Paragraphs 305-308, Ch. 38, Hurd’s Revised Statutes, 1909, provided how and in what manner persons who are under bonds for their appearance in court may be apprehended in this state and surrendered to the proper authorities, but until the parties entering into such security had forfeited their recognizance they were entitled to retain their liberty, unless sooner surrendered by their principal.

Sections 9, 10 and 11, Ch. 60, Hurd’s Revised Statutes, 1909, provided the method and manner by which fugitives from, justice may be returned from another state.
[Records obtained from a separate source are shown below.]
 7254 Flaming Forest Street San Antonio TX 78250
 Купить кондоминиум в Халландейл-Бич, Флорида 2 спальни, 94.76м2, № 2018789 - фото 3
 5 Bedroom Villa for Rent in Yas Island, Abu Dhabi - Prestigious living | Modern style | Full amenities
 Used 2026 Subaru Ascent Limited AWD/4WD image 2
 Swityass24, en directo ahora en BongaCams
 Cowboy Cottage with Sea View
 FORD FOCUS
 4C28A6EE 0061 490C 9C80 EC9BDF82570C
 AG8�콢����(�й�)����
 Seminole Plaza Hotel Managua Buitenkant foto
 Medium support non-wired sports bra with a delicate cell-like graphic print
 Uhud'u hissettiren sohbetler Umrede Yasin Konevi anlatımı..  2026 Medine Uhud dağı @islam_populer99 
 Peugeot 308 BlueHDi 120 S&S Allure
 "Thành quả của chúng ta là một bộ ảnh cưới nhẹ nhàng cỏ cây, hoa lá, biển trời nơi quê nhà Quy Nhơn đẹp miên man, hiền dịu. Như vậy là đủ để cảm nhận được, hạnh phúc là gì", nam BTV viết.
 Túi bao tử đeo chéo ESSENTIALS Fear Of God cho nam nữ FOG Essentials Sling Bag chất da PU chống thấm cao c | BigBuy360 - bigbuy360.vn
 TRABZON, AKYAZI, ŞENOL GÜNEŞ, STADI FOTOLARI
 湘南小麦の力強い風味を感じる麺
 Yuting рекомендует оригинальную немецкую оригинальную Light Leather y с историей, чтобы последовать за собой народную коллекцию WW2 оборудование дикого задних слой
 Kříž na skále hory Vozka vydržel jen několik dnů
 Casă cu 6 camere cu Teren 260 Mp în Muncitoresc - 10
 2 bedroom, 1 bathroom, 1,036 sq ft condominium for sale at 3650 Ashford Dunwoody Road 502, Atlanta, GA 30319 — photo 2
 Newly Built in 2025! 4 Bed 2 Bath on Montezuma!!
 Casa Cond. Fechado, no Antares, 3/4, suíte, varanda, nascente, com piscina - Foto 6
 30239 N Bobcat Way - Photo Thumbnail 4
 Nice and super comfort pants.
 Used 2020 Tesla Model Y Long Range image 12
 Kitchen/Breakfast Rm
Q-ciss and Holford, having secured plaintiff to enter into recognizance for their appearance in the Sangamon County Court, thereby placed themselves in his custody and by this act gave him authority to seize or arrest them at any time thereafter and return them to the authorities of Sangamon County, and all that was necessary to authorize them to so return these parties, whether they were in the State of Indiana or elsewhere, was a certified copy of the recognizance, or plaintiff could furnish to any agent he might select such copy of this recognizance, together with authority ■to act for him and thus secure the return of these parties to the authorities of Sangamon County. No requisition or other papers were necessary therefor. Taylor v. Taintor, 16 Wallace 366; 3 Am. & Eng. Enc. Law 708.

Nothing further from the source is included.